TASK BRIEF ->
For the entries below, repeat exactly each line starting with the one that contains "Master And Maid - 9781973940265" and going on through the one that contains "タブナイ ココス 特典 クリアファイル", and no others.

LISTED ENTRIES ->
━━━━━━
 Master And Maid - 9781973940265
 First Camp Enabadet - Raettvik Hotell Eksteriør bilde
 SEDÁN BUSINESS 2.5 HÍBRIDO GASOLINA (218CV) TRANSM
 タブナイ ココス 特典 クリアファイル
━━━━━━
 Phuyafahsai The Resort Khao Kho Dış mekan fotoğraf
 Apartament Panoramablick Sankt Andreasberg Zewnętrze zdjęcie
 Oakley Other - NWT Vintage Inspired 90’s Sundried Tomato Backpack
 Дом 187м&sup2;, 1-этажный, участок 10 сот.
━━━━━━
SOLVED PROBLEM ->
 Master And Maid - 9781973940265
 First Camp Enabadet - Raettvik Hotell Eksteriør bilde
 SEDÁN BUSINESS 2.5 HÍBRIDO GASOLINA (218CV) TRANSM
 タブナイ ココス 特典 クリアファイル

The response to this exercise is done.